◆ **Records for the task**:
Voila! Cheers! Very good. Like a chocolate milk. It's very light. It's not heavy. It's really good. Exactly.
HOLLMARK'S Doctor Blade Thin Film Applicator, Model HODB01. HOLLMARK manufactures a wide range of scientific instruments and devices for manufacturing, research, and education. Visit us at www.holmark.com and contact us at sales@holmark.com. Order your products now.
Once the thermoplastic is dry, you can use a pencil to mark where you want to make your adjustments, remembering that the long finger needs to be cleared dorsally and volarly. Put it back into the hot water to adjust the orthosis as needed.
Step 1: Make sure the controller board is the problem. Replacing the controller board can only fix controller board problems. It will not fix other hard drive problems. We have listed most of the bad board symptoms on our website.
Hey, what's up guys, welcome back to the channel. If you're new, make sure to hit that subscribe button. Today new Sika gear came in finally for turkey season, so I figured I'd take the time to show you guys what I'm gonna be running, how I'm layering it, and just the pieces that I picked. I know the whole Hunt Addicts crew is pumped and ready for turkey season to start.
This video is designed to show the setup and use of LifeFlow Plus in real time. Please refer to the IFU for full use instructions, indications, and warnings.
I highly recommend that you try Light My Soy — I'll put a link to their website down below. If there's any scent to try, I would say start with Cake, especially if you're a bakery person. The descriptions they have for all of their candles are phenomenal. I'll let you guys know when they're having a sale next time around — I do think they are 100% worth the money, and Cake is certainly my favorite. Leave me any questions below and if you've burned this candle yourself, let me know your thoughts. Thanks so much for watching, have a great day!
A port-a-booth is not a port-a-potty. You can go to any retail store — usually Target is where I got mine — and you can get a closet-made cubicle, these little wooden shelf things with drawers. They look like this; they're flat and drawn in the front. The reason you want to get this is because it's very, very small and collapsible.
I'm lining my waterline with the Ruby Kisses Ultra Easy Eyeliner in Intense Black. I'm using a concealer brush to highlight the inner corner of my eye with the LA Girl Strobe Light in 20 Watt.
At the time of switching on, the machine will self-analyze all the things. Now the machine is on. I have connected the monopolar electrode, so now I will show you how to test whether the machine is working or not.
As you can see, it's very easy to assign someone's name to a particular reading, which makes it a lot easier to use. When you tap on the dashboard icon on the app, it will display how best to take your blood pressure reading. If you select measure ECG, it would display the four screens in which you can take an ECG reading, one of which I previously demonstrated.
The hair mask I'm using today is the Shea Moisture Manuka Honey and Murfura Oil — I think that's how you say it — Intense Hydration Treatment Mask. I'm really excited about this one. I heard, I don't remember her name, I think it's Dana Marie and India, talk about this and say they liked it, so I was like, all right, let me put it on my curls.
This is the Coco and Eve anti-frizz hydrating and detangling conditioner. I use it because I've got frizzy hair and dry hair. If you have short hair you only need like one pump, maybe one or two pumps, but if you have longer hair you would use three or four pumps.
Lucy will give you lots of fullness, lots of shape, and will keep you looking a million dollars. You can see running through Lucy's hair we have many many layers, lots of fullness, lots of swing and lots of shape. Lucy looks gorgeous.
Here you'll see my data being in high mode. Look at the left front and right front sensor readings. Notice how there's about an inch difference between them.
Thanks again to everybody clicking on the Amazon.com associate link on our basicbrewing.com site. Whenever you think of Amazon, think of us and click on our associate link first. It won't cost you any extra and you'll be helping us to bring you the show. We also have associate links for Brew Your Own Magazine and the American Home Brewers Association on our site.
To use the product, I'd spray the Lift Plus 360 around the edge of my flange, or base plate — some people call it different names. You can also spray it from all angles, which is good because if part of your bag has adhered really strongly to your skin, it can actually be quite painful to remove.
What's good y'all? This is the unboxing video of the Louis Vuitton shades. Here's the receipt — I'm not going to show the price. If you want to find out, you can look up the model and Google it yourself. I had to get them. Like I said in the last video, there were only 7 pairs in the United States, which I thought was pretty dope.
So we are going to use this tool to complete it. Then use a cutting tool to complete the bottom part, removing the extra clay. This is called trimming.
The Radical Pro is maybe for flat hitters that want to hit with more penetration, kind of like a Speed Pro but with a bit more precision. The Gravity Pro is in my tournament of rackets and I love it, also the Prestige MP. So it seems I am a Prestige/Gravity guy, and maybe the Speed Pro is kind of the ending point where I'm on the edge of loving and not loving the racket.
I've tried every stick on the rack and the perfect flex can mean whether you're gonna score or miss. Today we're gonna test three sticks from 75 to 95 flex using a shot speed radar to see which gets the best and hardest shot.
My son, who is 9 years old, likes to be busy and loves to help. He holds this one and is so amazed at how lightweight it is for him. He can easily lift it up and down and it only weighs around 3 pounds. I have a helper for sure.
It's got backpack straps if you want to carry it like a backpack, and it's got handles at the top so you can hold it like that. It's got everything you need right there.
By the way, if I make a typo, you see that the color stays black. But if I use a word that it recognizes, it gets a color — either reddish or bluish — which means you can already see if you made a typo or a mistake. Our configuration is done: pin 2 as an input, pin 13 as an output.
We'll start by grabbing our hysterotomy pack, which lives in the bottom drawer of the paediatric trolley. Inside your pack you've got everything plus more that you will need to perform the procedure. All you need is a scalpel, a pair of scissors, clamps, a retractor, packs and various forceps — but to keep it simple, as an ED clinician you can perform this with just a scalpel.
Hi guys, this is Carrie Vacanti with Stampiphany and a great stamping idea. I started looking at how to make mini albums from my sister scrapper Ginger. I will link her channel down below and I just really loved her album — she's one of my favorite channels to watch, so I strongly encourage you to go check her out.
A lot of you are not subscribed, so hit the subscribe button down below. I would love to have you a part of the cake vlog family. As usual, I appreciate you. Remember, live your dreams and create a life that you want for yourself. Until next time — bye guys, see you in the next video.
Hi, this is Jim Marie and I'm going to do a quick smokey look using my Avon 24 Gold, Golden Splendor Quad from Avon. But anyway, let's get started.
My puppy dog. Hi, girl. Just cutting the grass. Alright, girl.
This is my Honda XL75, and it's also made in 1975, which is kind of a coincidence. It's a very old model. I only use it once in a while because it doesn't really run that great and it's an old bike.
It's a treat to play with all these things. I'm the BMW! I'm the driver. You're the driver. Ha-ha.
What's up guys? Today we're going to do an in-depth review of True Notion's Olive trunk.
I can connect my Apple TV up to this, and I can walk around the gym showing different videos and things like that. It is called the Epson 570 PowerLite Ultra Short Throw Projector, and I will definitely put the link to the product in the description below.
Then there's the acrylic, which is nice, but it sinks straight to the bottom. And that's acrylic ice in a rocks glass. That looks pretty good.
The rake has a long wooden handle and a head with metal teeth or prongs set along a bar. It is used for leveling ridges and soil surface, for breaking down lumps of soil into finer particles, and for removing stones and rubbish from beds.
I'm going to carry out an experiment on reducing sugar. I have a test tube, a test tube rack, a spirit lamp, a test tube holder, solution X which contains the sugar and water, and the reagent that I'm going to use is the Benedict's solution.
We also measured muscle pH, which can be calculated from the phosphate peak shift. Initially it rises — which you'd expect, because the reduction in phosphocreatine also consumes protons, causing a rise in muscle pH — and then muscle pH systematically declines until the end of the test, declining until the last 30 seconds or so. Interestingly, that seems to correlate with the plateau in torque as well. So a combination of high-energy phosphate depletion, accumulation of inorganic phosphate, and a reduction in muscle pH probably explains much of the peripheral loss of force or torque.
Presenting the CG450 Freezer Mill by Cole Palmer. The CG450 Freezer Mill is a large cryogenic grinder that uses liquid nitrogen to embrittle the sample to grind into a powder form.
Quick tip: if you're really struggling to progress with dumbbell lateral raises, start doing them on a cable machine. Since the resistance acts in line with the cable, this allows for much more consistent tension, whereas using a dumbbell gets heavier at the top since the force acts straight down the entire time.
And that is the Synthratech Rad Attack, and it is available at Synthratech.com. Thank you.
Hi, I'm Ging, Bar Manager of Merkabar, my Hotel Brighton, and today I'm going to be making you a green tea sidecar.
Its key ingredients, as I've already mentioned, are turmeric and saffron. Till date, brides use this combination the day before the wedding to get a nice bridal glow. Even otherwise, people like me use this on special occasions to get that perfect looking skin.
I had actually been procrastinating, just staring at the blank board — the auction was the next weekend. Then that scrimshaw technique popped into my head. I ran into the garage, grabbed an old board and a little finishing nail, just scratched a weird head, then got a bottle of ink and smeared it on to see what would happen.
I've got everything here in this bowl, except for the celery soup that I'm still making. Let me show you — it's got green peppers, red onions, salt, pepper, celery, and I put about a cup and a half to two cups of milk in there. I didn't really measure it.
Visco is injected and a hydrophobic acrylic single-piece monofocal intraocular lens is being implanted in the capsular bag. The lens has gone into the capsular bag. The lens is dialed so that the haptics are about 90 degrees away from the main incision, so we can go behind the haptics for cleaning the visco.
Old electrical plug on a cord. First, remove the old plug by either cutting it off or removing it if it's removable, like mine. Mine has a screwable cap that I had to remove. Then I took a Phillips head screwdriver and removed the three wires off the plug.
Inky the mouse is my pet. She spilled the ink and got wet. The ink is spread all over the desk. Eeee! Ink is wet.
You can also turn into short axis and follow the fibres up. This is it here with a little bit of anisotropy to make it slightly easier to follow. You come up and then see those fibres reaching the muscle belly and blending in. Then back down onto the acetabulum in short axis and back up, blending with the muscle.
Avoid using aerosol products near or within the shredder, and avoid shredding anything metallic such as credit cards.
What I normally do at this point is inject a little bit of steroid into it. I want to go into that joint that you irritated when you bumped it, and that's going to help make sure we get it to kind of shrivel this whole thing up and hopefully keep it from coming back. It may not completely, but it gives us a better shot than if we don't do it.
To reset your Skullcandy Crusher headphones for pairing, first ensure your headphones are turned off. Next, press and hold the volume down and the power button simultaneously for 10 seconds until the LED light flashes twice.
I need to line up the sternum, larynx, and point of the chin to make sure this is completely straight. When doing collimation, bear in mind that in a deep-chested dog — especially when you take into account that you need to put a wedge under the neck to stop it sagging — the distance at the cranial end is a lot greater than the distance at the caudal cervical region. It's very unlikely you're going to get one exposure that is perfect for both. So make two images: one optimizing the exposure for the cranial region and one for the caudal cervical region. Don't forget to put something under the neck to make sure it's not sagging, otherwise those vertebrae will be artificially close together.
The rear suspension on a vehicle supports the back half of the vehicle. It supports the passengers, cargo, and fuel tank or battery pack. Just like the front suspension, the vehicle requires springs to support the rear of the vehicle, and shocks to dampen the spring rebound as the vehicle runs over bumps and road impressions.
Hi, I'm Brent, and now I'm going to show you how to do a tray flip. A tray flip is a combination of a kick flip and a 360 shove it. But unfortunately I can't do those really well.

◆ **What you have to do**:
Will you return exactly the lines above from the one with "Avoid using aerosol" down to the one with "The rear suspension", counting both as part of the range?

◆ **Result for this task**:
Avoid using aerosol products near or within the shredder, and avoid shredding anything metallic such as credit cards.
What I normally do at this point is inject a little bit of steroid into it. I want to go into that joint that you irritated when you bumped it, and that's going to help make sure we get it to kind of shrivel this whole thing up and hopefully keep it from coming back. It may not completely, but it gives us a better shot than if we don't do it.
To reset your Skullcandy Crusher headphones for pairing, first ensure your headphones are turned off. Next, press and hold the volume down and the power button simultaneously for 10 seconds until the LED light flashes twice.
I need to line up the sternum, larynx, and point of the chin to make sure this is completely straight. When doing collimation, bear in mind that in a deep-chested dog — especially when you take into account that you need to put a wedge under the neck to stop it sagging — the distance at the cranial end is a lot greater than the distance at the caudal cervical region. It's very unlikely you're going to get one exposure that is perfect for both. So make two images: one optimizing the exposure for the cranial region and one for the caudal cervical region. Don't forget to put something under the neck to make sure it's not sagging, otherwise those vertebrae will be artificially close together.
The rear suspension on a vehicle supports the back half of the vehicle. It supports the passengers, cargo, and fuel tank or battery pack. Just like the front suspension, the vehicle requires springs to support the rear of the vehicle, and shocks to dampen the spring rebound as the vehicle runs over bumps and road impressions.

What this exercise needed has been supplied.